Fuente: https://ideastextuales.com



Su política exterior ha sido una mezcla de improvisación y oportunismo, siempre enmarcada en el lenguaje del “América Primero”, una frase hueca que encubre una agenda de dominación económica disfrazada de patriotismo populista. Pero si algo distingue su estrategia es la idea de que las guerras pueden librarse no sólo con armas, sino también con dinero y tarifas. En este sentido, su guerra comercial contra China, México y Canadá no es más que otra forma de agresión imperial. Una que, paradójicamente, ha causado más daño a los propios ciudadanos estadounidenses que a los supuestos enemigos.
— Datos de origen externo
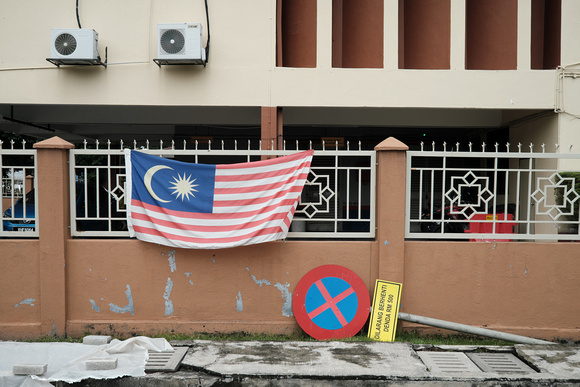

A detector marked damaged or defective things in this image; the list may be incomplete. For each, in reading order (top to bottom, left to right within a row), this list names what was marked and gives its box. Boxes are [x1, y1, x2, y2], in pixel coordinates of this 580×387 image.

peeling paint on wall [109, 284, 135, 316]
La guerra comercial de Trump no es un fenómeno aislado. Forma parte de una tendencia histórica en la política exterior de Estados Unidos: la búsqueda de control sobre el sistema económico global mediante el uso de sanciones, restricciones comerciales y presión financiera. Lo que antes se lograba con intervenciones militares en América Latina, Medio Oriente o el sudeste asiático, hoy se persigue con aranceles y bloqueos económicos que reconfiguran la geopolítica del siglo XXI. Pero el problema con esta estrategia es que, en un mundo interconectado, las consecuencias de tales medidas rara vez son previsibles.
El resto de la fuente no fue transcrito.